### Given data
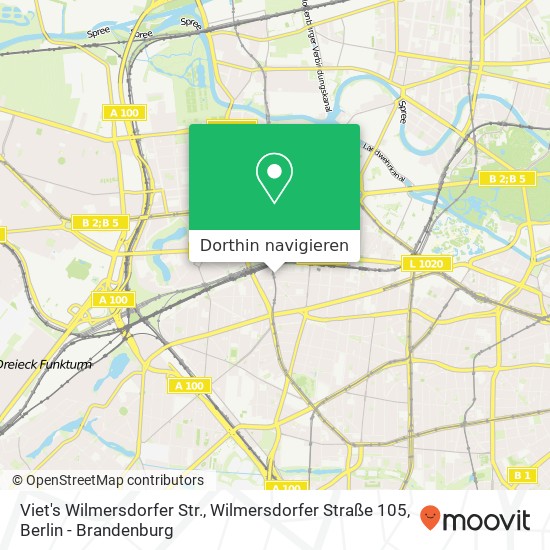 Viet's Wilmersdorfer Str., Wilmersdorfer Straße 105 Karte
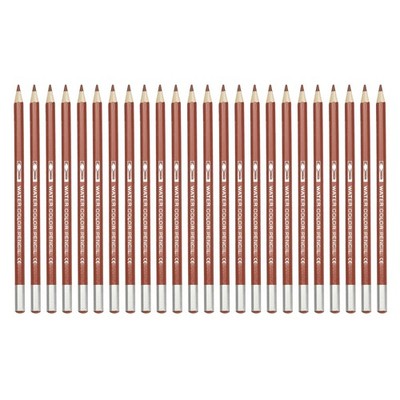 24 Stück Aquarellstifte zum Ausmalen, Zeichnen, Malen, hellbraun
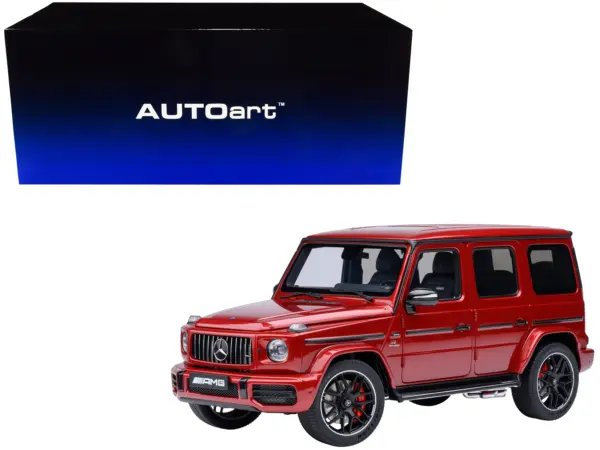 2019 Mercedes-Benz AMG G63 Cardinal Red Metallic 1/18 Model Car by Autoart #1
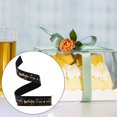 thumbnail image 4 of Rongfmy Happy Birthday Ribbons DIY Gift Wrapping for Decoration Florist Flowers Black 10Yard, 4 of 9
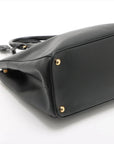Pre-Loved Galleria Double Zip Tote Leather Medium with Gold Hardware, Black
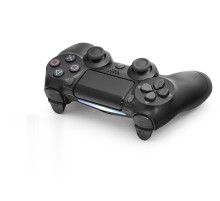 Oem Yx7001 Ps4 Uyumlu Kablosuz Gamepad Oyun Kolu - Siyah Beyaz - Siyah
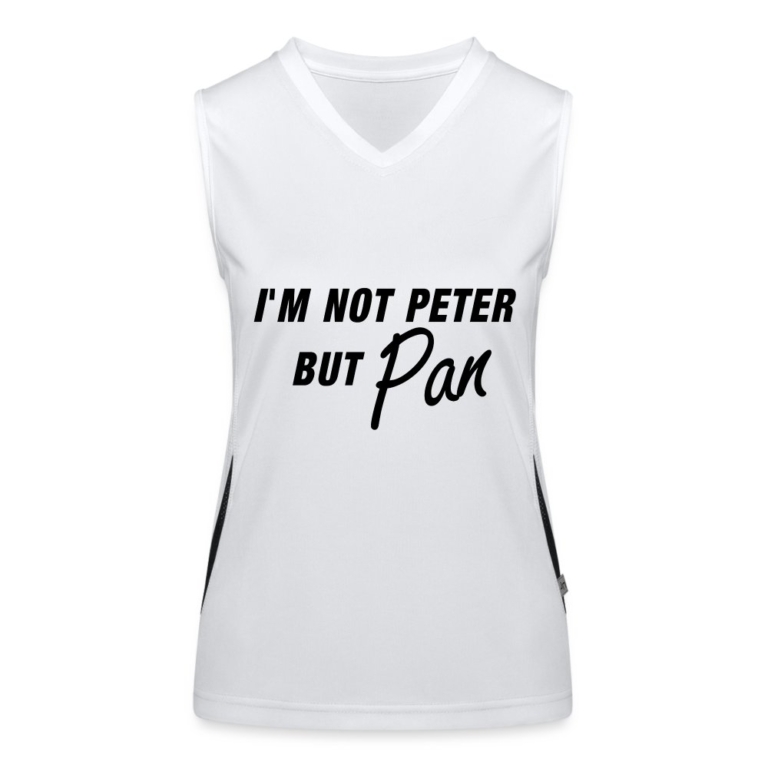 im-not-peter-but-pan-funktionelles-kontrast-tank-top-fuer-frauen-weiss-schwarz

### What to work on
The line containing "2019 Mercedes-Benz AMG" marks the start: set down exactly that line and every line after it through the last line of the data, without any pictures.

### Answer space
 2019 Mercedes-Benz AMG G63 Cardinal Red Metallic 1/18 Model Car by Autoart #1
 thumbnail image 4 of Rongfmy Happy Birthday Ribbons DIY Gift Wrapping for Decoration Florist Flowers Black 10Yard, 4 of 9
Pre-Loved Galleria Double Zip Tote Leather Medium with Gold Hardware, Black
 Oem Yx7001 Ps4 Uyumlu Kablosuz Gamepad Oyun Kolu - Siyah Beyaz - Siyah
 im-not-peter-but-pan-funktionelles-kontrast-tank-top-fuer-frauen-weiss-schwarz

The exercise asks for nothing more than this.